Full table scans on every batch in messages and events collection
Description:
Both messages.py and events.py rebuild issue/PR URL mappings on every batch instead of once at the start. This causes redundant full table scans that scale with data volume.
messages.py:156-164 - queries all issues and PRs per 20-message batch:
issues = augur_db.session.query(Issue).filter(Issue.repo_id == repo_id).all()
prs = augur_db.session.query(PullRequest).filter(PullRequest.repo_id == repo_id).all()

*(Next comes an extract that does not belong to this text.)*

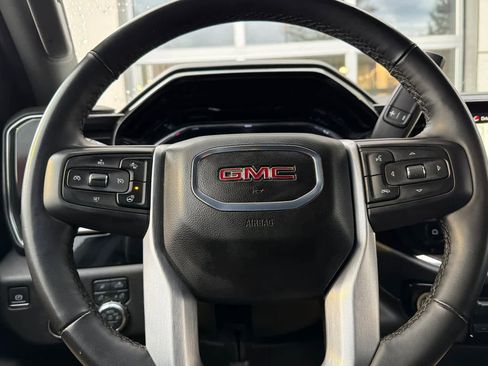 Used 2025 GMC Sierra 1500 SLT image 25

events.py:237-253 - rebuilds mappings per 500-event batch via _get_map_from_* methods.
Impact:
- 1000 messages -> 50 full scans of issues AND PRs tables
- 10000 events -> 40 full scans total
Expected behavior: Build mappings once before the batch loop, pass as parameters. See #3439 for the expected pattern.
Suggested fix:
- Move mapping queries outside batch loops
- Build
issue_url_to_id_mapandpr_url_to_id_maponce - Pass mappings to processing functions
- Possibly also increase messages batch size from 20 to 1000 (unless this was an intentional design choice that wasn't documented in the code)
Files:
- augur/tasks/github/messages.py
- augur/tasks/github/events.py
i havent noticed this but this sounds like a perfect explaination for some of my observations that processing certain parts of collection that start out reallly fast and slow down over time.